Exactly reproduce the lines of the listing below from the one containing "Airfix 17002 – Supermarine Spitfire Mk.VIII" through the one containing "Artifact Devouring Player". Skip the images.

▸ **Records for processing**

==============================

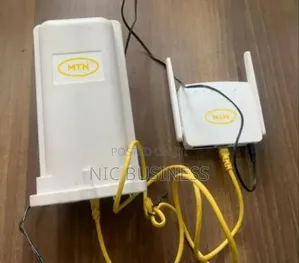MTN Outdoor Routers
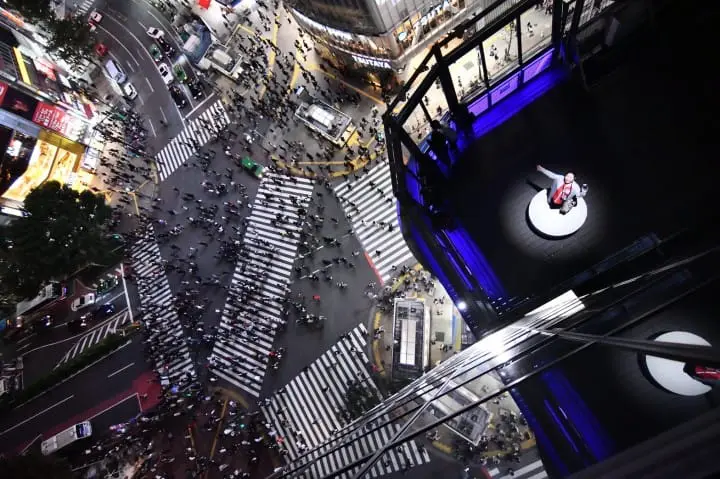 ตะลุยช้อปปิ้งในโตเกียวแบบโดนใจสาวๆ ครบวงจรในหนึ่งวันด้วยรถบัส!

==============================

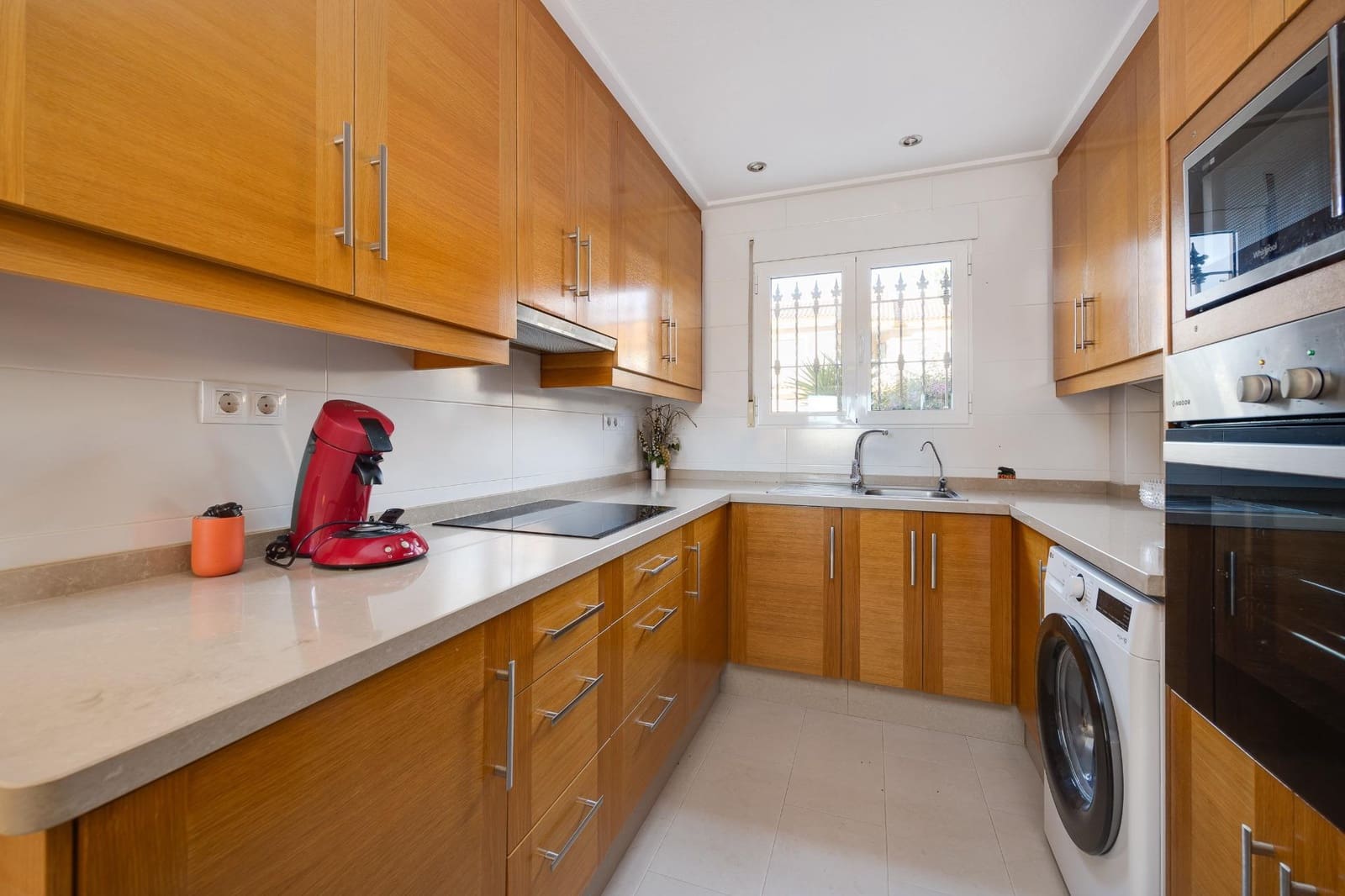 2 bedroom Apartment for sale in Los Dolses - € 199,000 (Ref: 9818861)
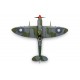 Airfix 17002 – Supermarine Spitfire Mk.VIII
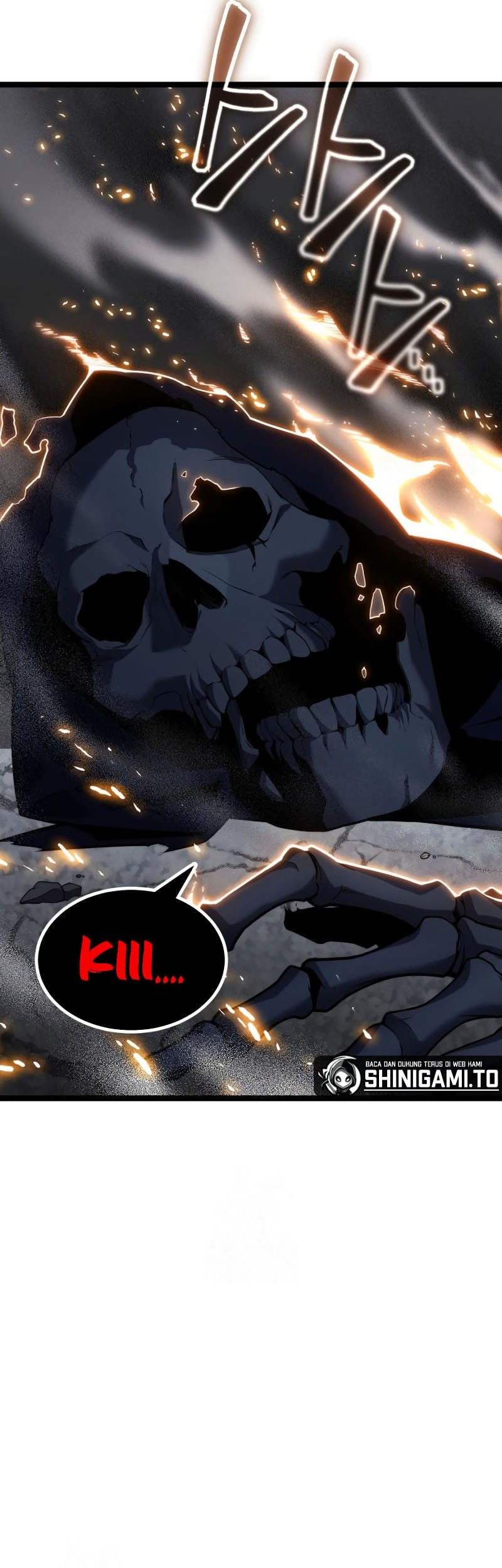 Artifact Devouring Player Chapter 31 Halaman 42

==============================

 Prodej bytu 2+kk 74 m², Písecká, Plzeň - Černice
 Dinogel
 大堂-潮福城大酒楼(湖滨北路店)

==============================

▸ **Solution to the problem**
 Airfix 17002 – Supermarine Spitfire Mk.VIII
 Artifact Devouring Player Chapter 31 Halaman 42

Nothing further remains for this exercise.